The Selling Concept
Selling concepts holds that consumers if left alone, will ordinarily not buy enough of the organization’s products. The organization must therefore undertake an aggressive selling and promotion.
The concept assumes that consumers typically show buying inertia or resistance, and have to be coaxed into buying, and that the company has available a whole battery of effective selling and promotion tools to stimulate more buying.
The selling concept is more practice most aggressively with “unsought goods,” those goods that buyers normally do not think of buying such as insurance, encyclopedia, and funeral plots.
These industries have perfected various sales techniques to locate prospects and hard sell them on the product benefits.
The selling concept is also practice in the non-profits area by fund raisers, college admission offices and political parties.
For examples, a political party may campaign aggressively to win an election.
Heavy advertising, numerous speeches and door to door visits may be used to promote its candidate while hiding their flaws.
After winning the party may take a sales oriented view by trying to get its citizens to accept its policies rather than to find out what voters really want.
Most firms practice the selling concept when they have overcapacity.

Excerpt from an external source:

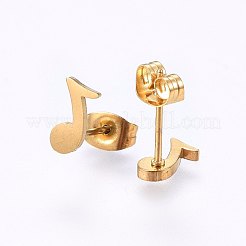 Juegos de joyas de acero inoxidable 304&nbsp;SJEW-O090-13G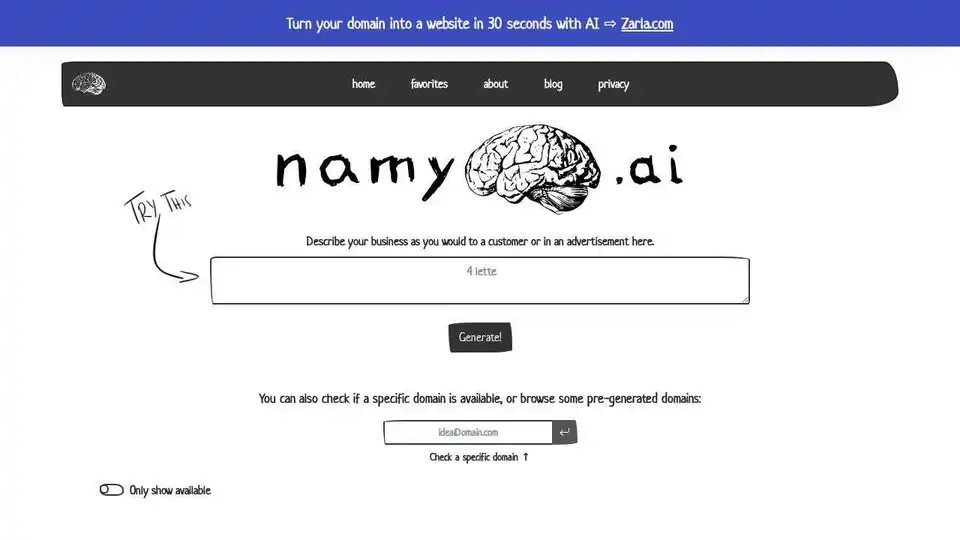 Namy.ai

Their aim is to sell what they make rather than make what the market wants.
In modern industrial economics, productive capacity has been built up to a point where most markets are buyer markets (that is buyers dominants) and sellers have to scramble hard for customers.
Prospects are bombarded with television commercials, news paper ads, direct mail and sales calls. At every turn, someone is trying to sell something. As a result, the public identifies marketing with hard selling and adverting.